Terribile infortunio subito dal giocatore del Manchester United, Luke Shaw, nel corso di Psv - Manchester United. Partita di Champions League che si sta disputando questa sera, 15 Settembre 2015. 

Video qui in basso al secondo post


----------



## admin (15 Settembre 2015)




----------



## Ma che ooh (15 Settembre 2015)

Admin ha scritto:


>



Porca Miseria, immagino il dolore


----------



## mefisto94 (15 Settembre 2015)

Non è che abbia capito bene, gli si è spaccata la caviglia ?


----------



## admin (15 Settembre 2015)

mefisto94 ha scritto:


> Non è che abbia capito bene, gli si è spaccata la caviglia ?



No, la gamba!


----------



## Liuke (15 Settembre 2015)

Inoltre ho letto che rizzoli non ha nemmeno fischiato fallo


----------



## Z A Z A' (15 Settembre 2015)

Mi spiace tantissimo,questo ragazzo ha tutto per diventare un grande.
Speriamo non ci siano problemi nella guarigione.


----------



## Jino (15 Settembre 2015)

Davvero brutta e scomposta l'entrata.

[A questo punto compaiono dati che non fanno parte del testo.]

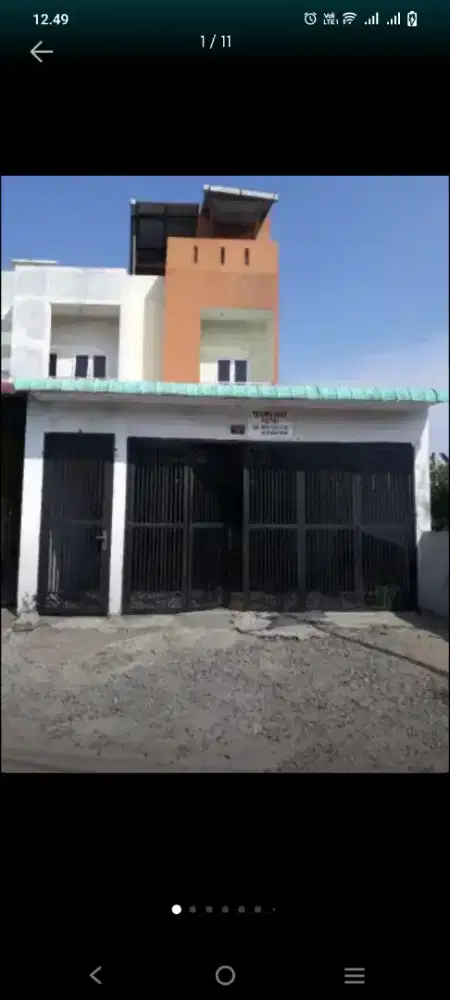 DIJUAL RUMAH 3 LANTAI, COCOK  UNTUK KOS, KANTOR, RUMAH TINGGAL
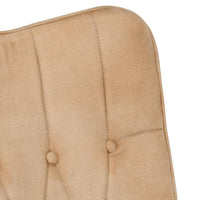 Thumbnail for Schaukelstuhl mit Hocker Creme Vintage Canvas
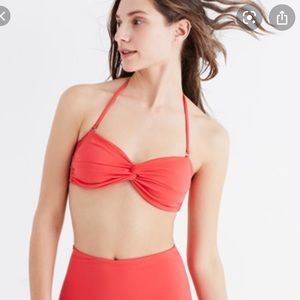 Mara Hoffman Chey Twist Front Top in Coral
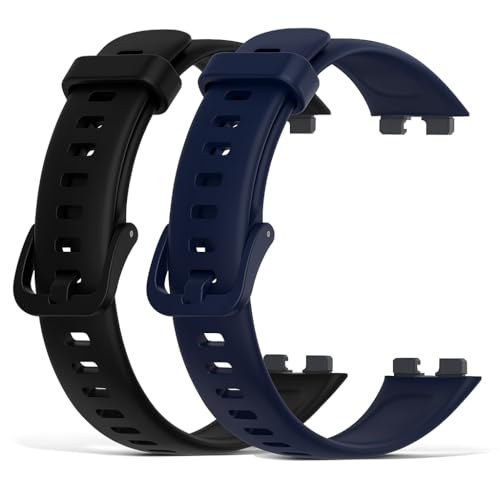 Image of Kapture Straps Compatible with Huawei Band 10 /8 /9, Huawei band 9 Strap TPU Watch Straps - Quick Release Watch Bands Soft Waterproof Watch Strap for Men Women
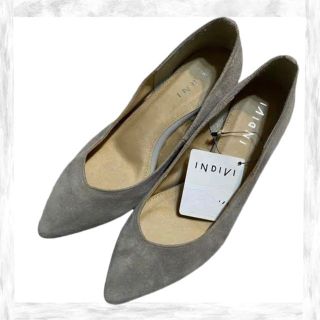 インディヴィ(INDIVI)のINDIVI インディヴィ パンプス スエード(ハイヒール/パンプス)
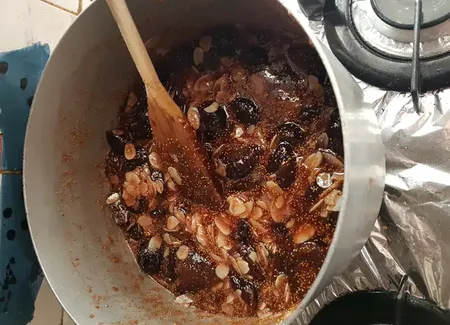 Confiture de figues aux amandes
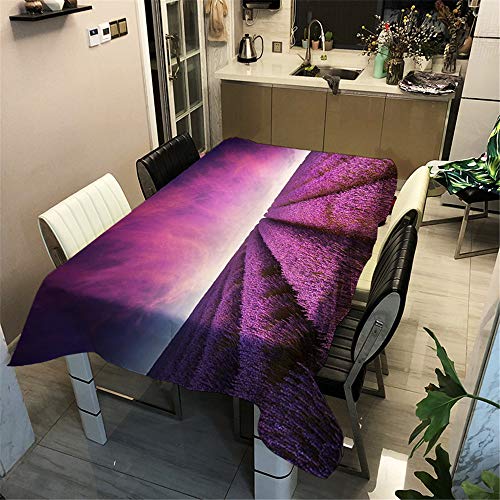 Surwin Wachstuchtischdecke Wachstischdecke Wachstuch Tischdecke abwaschbar für Tischsets Esstische Couchtische Und Küchen (Lila Lavendel,100x140cm) von Surwin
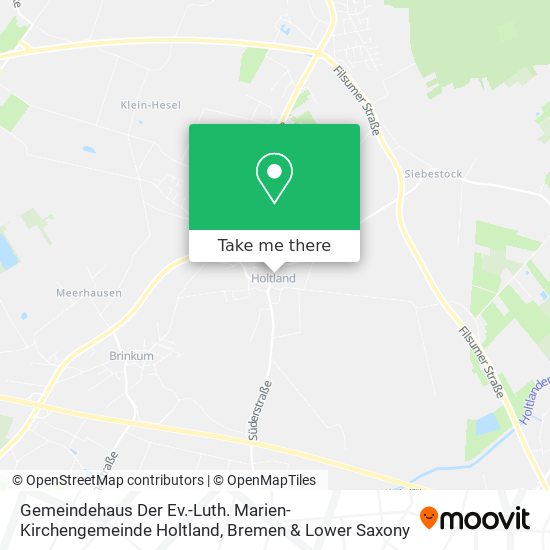 Gemeindehaus Der Ev.-Luth. Marien-Kirchengemeinde Holtland map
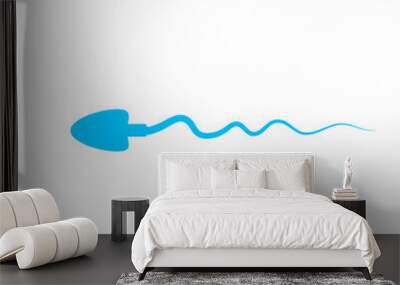 Sperm Cell Illustration Wall mural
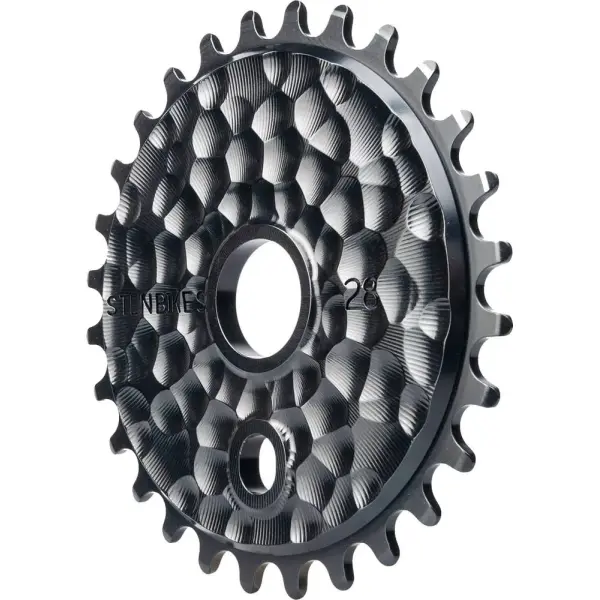 BMX Ratas Stolen Lunar CNC (Musta - 28T)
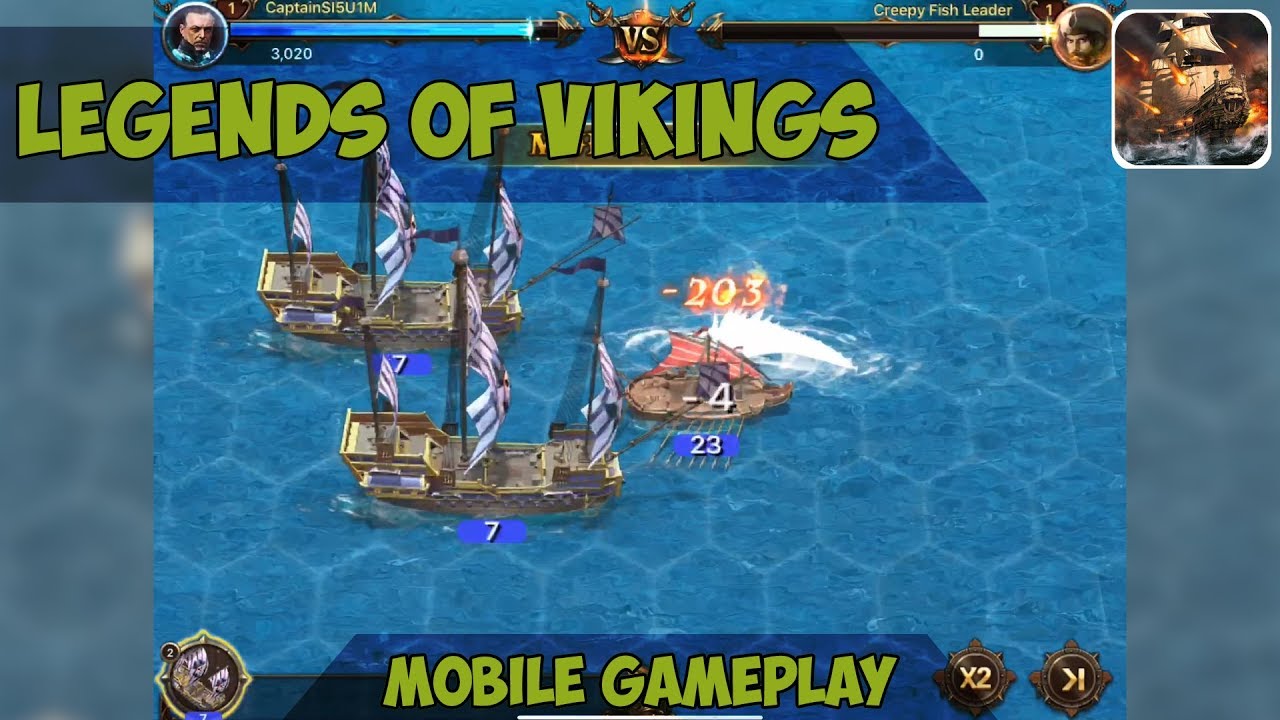Legends of Vikings - iOS/Android Mobile Gameplay - 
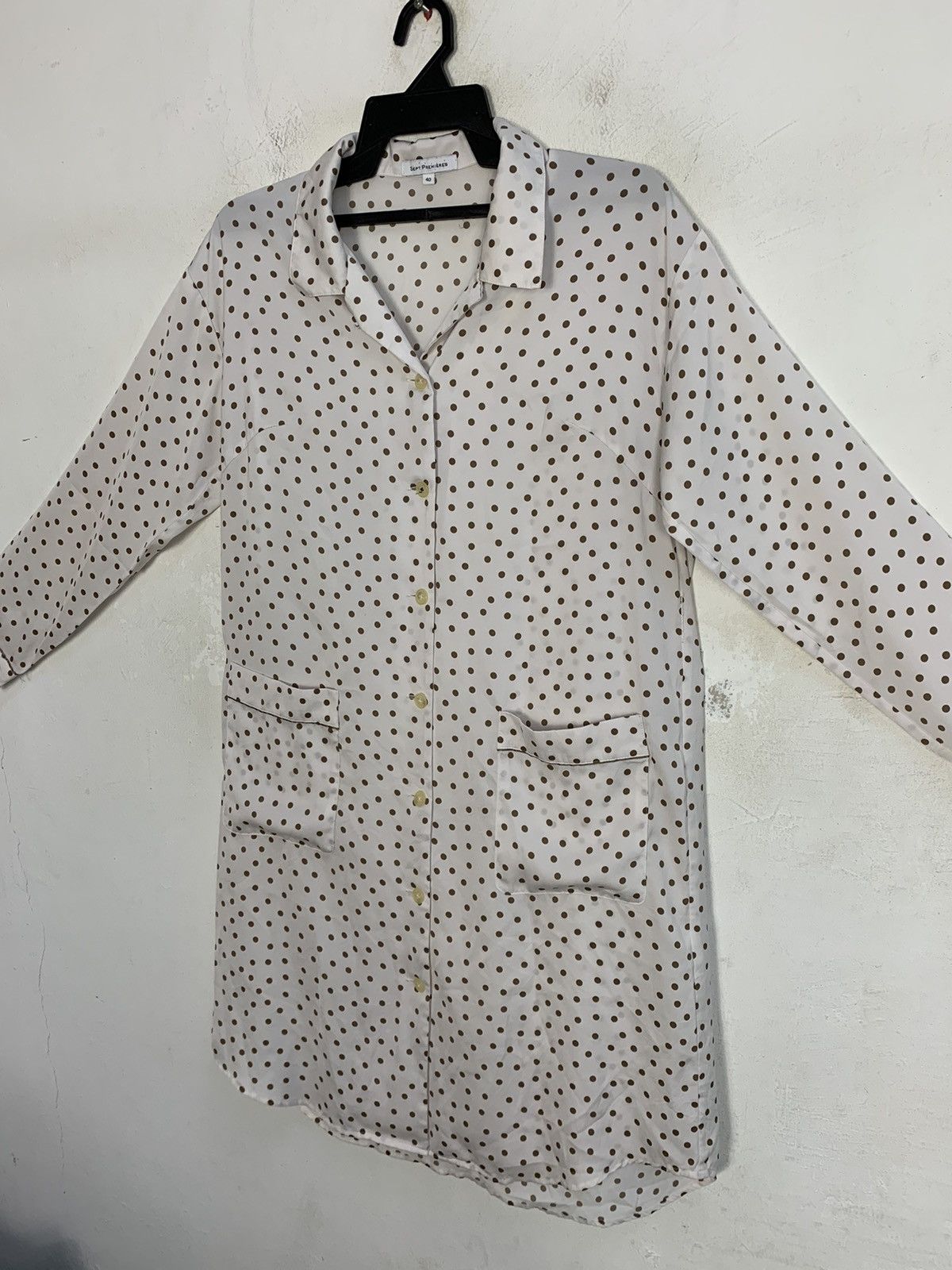 Other Sept Premieres Blouse Polkadot Dress Size M / US 6-8 / IT 42-44 - 4 Thumbnail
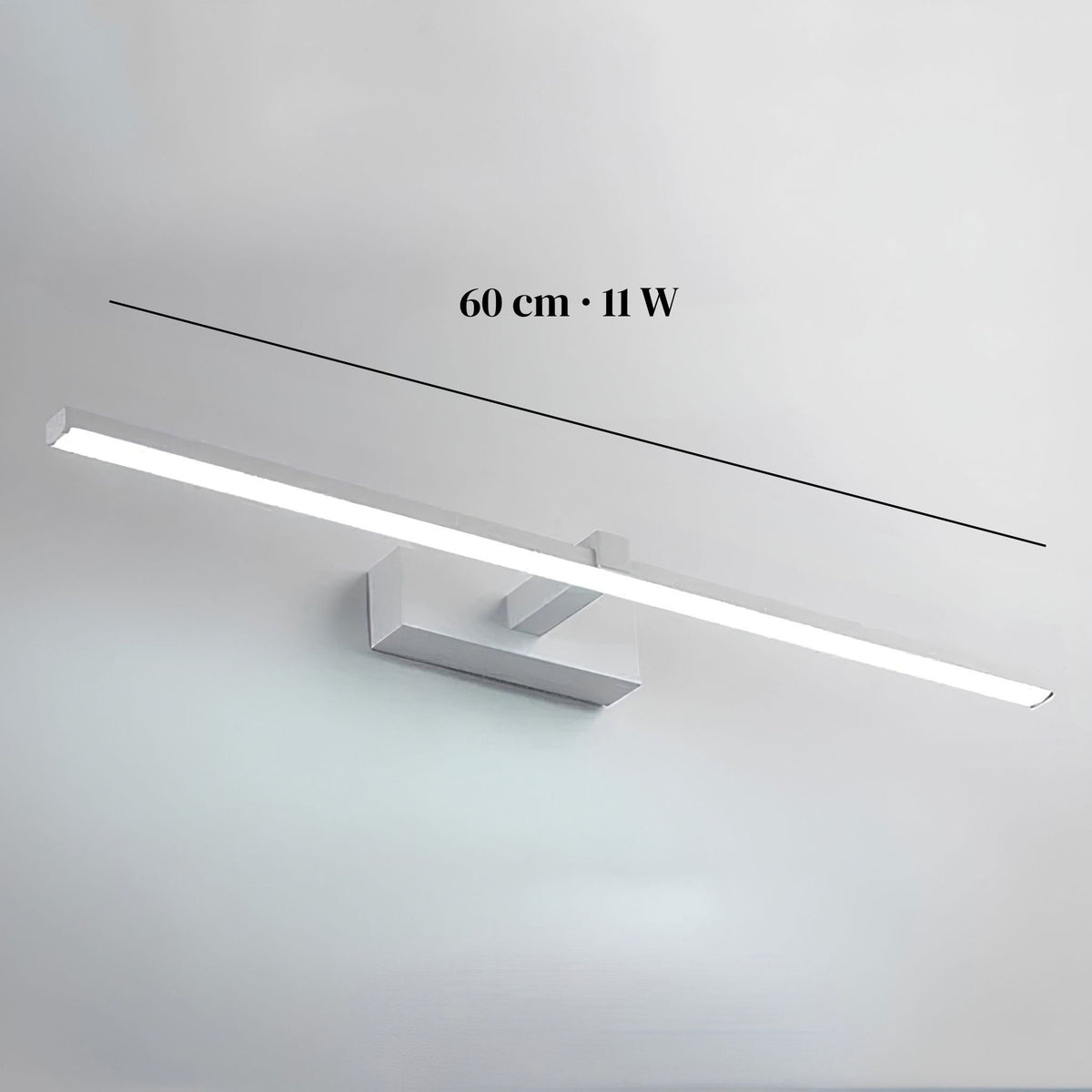 Applique murale LED LARA blanche, version 60 cm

Buona guarigione!


----------



## Fabry_cekko (15 Settembre 2015)

Riprenditi presto Shaw!


----------



## corvorossonero (15 Settembre 2015)

ma rizzoli non ha nemmeno espulso moreno?


----------



## Shevchenko (15 Settembre 2015)

Si dice stagione finita. Mamma mia che brutto infortunio. Mentre è in volo si vede la tibia che si spezza....


----------



## 666psycho (16 Settembre 2015)

gamba rotta, niente fallo, niente rosso e neanche un giallo... mah


----------



## PippoInzaghi92 (16 Settembre 2015)

Ma Rizzoli?....


----------



## ps18ps (16 Settembre 2015)

666psycho ha scritto:


> gamba rotta, niente fallo, niente rosso e neanche un giallo... mah



e dopo moreno ha anche fatto il gol del paeggio


----------



## Underhill84 (16 Settembre 2015)

In casi come questi, a quel paese tutti i regolamenti di questo mondo... squalifica al giocatore per la stessa durata dell'infortunio


----------



## Dany20 (16 Settembre 2015)

Davvero brutto. Speriamo si riprenda al più presto.


----------



## Splendidi Incisivi (16 Settembre 2015)

Povero ragazzo, già l'anno scorso ha avuto una stagione travagliata dagli infortuni e adesso salterà tutta quest'altra stagione a causa di questa entrataccia. È giovane e ha tutto il tempo davanti per recuperare e tornare ai livelli che gli competono, però cavoli...


----------